The plot revolves around a group of office staff from a weapon manufacturing company who are sent to Hungary on a team building exercise. As you would find in any office, there is an eclectic and varied cast of characters, all living up to certain long-held stereotypes. True to form, Danny Dyer plays everyman Steve, in a kind of reprisal of his role in Human Traffic (1999) who sees the weekend getaway as the perfect opportunity to get off his tits. He’s munching magic mushrooms and puffing on a spliff in the coach toilet before they even arrive (“Have I pissed meself?”). A spanner is thrown into the works when they find their route blocked and their driver fucks off with the bus, leaving the team meandering through a remote bear-infested forest. When they finally find the lodge they are supposed to be staying at, which offers very little in the way of home comforts, they discover it may or may not have been a lunatic asylum for war criminals and the ‘welcome pie’ has a human tooth in it.

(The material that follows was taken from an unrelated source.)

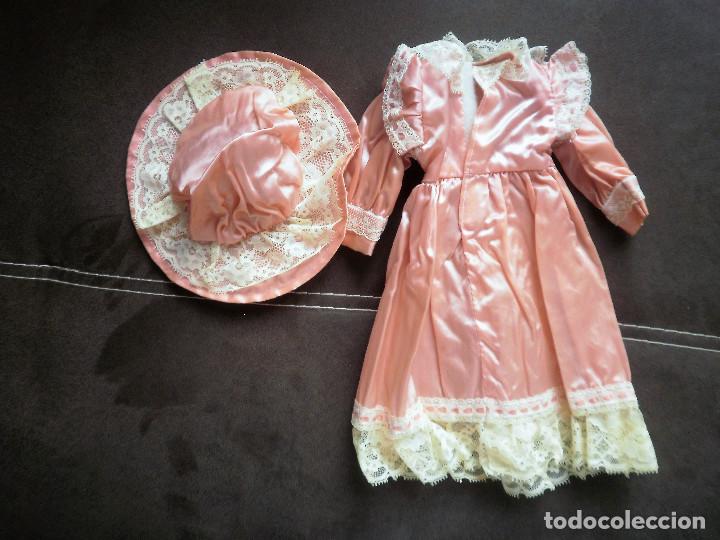 Juguetes antiguos y juegos de colecci&oacute;n: Vestido - Foto 2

Then follows a wince-inducing scene with Gordon (Andy Nyman) and a bear trap, which is made all the more harrowing by the use of an actual amputee as a stunt double, and just when they think things can’t get any worse, the hapless office team start falling one-by-one to a progressively brutal spate of vicious attacks. But who is doing the attacking? And why? Surely those stories can’t be true…

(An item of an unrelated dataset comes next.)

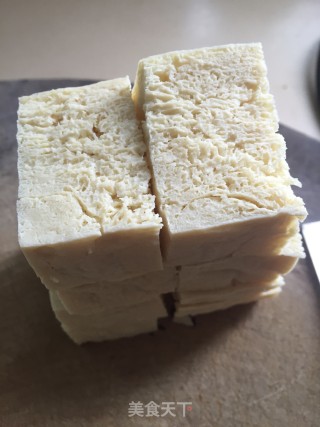 一口酥豆腐的做法步骤：6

If it hadn’t been for the presence of Dyer who positively excels, Tim McInnerny (perhaps best loved for his roles in Blackadder) would have stolen the show as insufferable jobsworth manager Richard. Shades of David Brent in The Office here (“I can’t spell ‘success’ without ‘u’). In fact, Severance is a kind of mash-up between that and Hostel. The humour is as black as you can imagine, and the gore comes by the bucket load. The ingenious tagline ‘Another bloody office outing’ sums things up pretty well. Suffice to say, not many of the office workers show up for work the following Monday.

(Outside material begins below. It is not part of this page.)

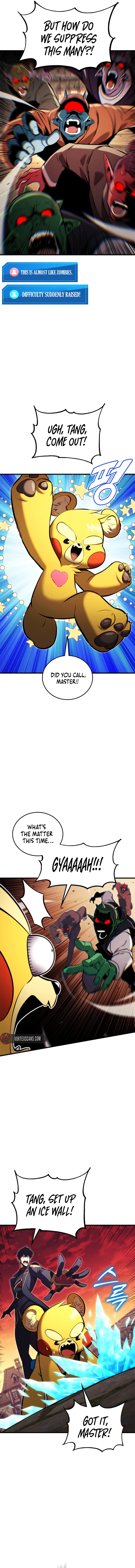 Ranker's Return Chapter 203, page 17 of 21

Written and directed by Christopher Smith (Creep, Triangle, Black Death) and filmed largely on location in Hungary, Severance was met with generally favourable reviews across the board. Except high-brow whingers the Guardian where Peter Bradshaw gave it only two stars, bemoaning “the basic implausibility of the setup, (and) that weird, niggling wrongness for which there are not enough compensatory laugh-lines.” Ho-hum. This treatment could be partly attributed to the divisive nature of Dyer himself who has never been the broadsheet’s favourite son. The fact that we never find out what the killer’s motivations were also became a point of contention. Never-the-less, in 2012 Total Film named Severance the 36th best independent horror film of all time, and stands as one of the best British comedy survival horror films you are ever likely to see.
Trivia Corner:
Media interest in Severance was revived in 2008 when one of the kill scenes was (allegedly) recreated in the real-life murder of 17-year old student Simon Everitt, who was tied to a tree and forced to drink petrol before being set on fire. Lovely.